Statistical Mechanics}Fermi Temperature

(Much of the stuff I classified as Stat Mech might also be considered Condensed Matter or Solid State Physics. They are classified as thus because the Stat Mech book I mentioned in the booklist on the site http://grephysics.yosunism.com is perhaps the best intro to all this.)

The Fermi velocity is related by \epsilon_F=k T_F =\frac{1}{2}m v^2\Rightarrow v=\sqrt{\frac{2kT_F}{m}}, where \epsilon_F is the fermi energy, and T_F is the Fermi temperature.

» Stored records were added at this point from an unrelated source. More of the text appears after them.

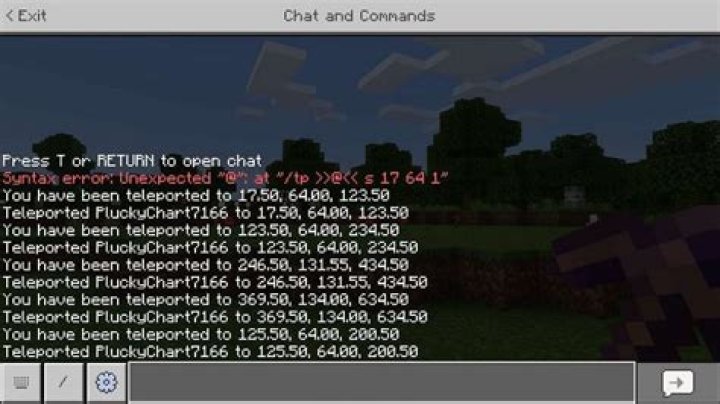 How to teleport someone to me in minecraft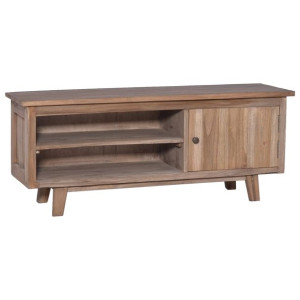 Szafka pod telewizor, 100x30x40 cm, lite drewno tekowe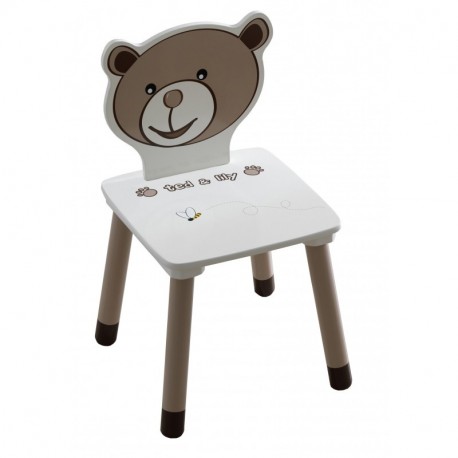 Demeyere 234551 Ted & Lily - Silla infantil, color blanco y beige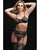 Lace Up Bra w/Heart Detail, Garter Belt & Thong Black O/S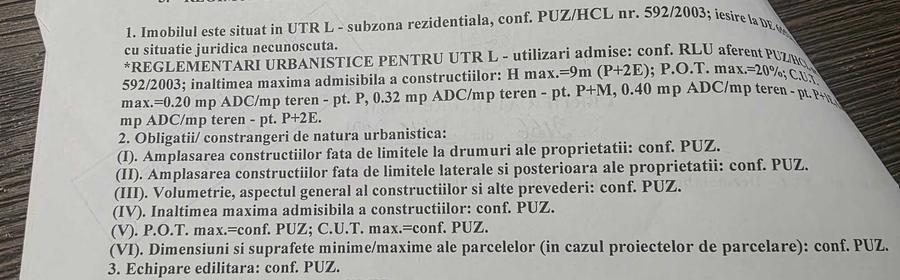 Teren de 800 mp, în Bârnova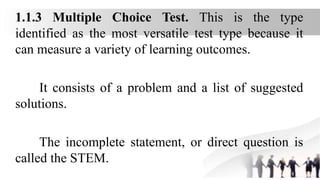 Stem Option Test Example Group-15-Curriculum-Evaluation-Through-Learning-Assessment.pptx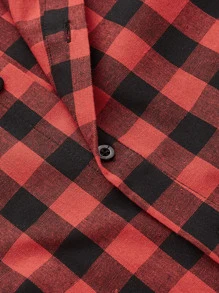 Manfinity Homme 男士紐扣格紋襯衫 - 彩色 - 查看 4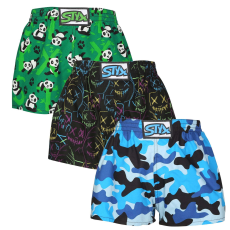  3PACK tarka art gyerek klasszikus boxeralsó Styx klasszikus gumi (3J18023) 9-11 éves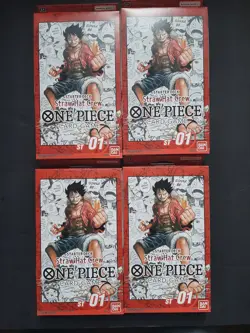 (4) One Piece Starter Decks ST-01 X4 Lot. Brand New Sealed Luffy English - Image 3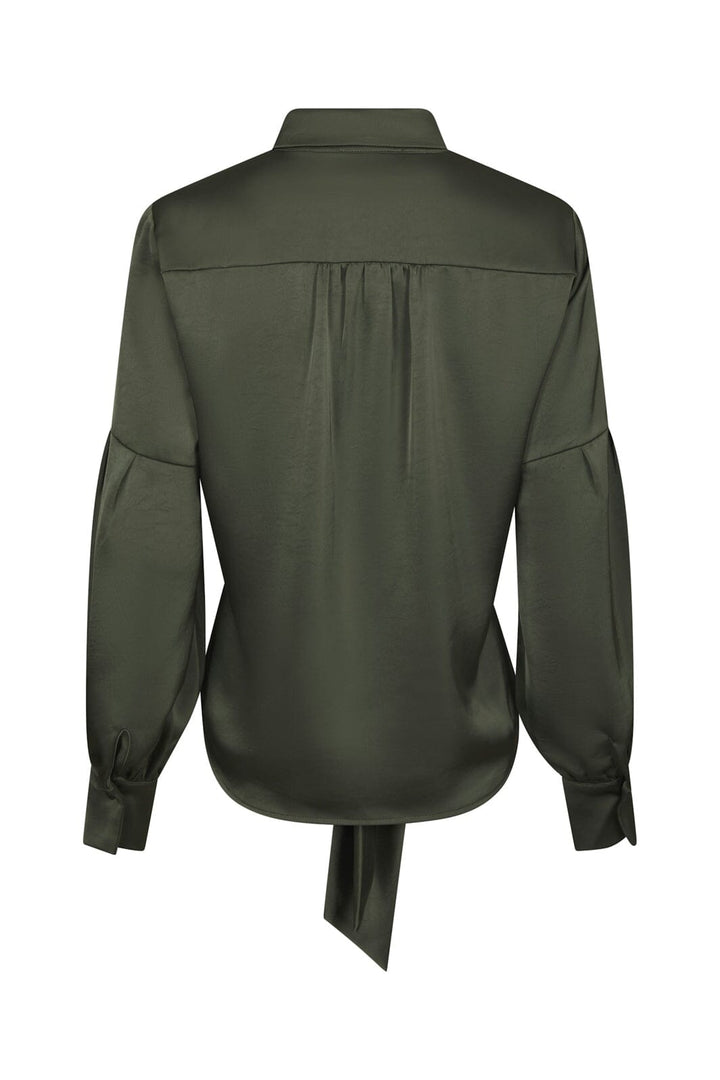 Neo Noir - Naja Satin Shirt 160801 - 591 - Deep Green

One should know by heart the following quantities, k=1.381E-23 and m=9.11E-31 (but then again, they are also given in the table of constants included with the exam). Plug these numbers into the expression above to find v,

v=\sqrt{\frac{2kT_F}{m}}\approx \sqrt{\frac{2\times 1.4 E-23 \times 8E5}{9E-31}}=\sqrt{\frac{2.8 E-23 \times 8E5}{9E-31}}\approx\sqrt{0.3 E8 \times 8E5}=\sqrt{24/10 E13}\approx \sqrt{10^{12}}=10^6,
the choice that comes closest to this order is choice (E).

Note that the hardest part of this problem is the approximation bit. No calculators allowed. Sadness.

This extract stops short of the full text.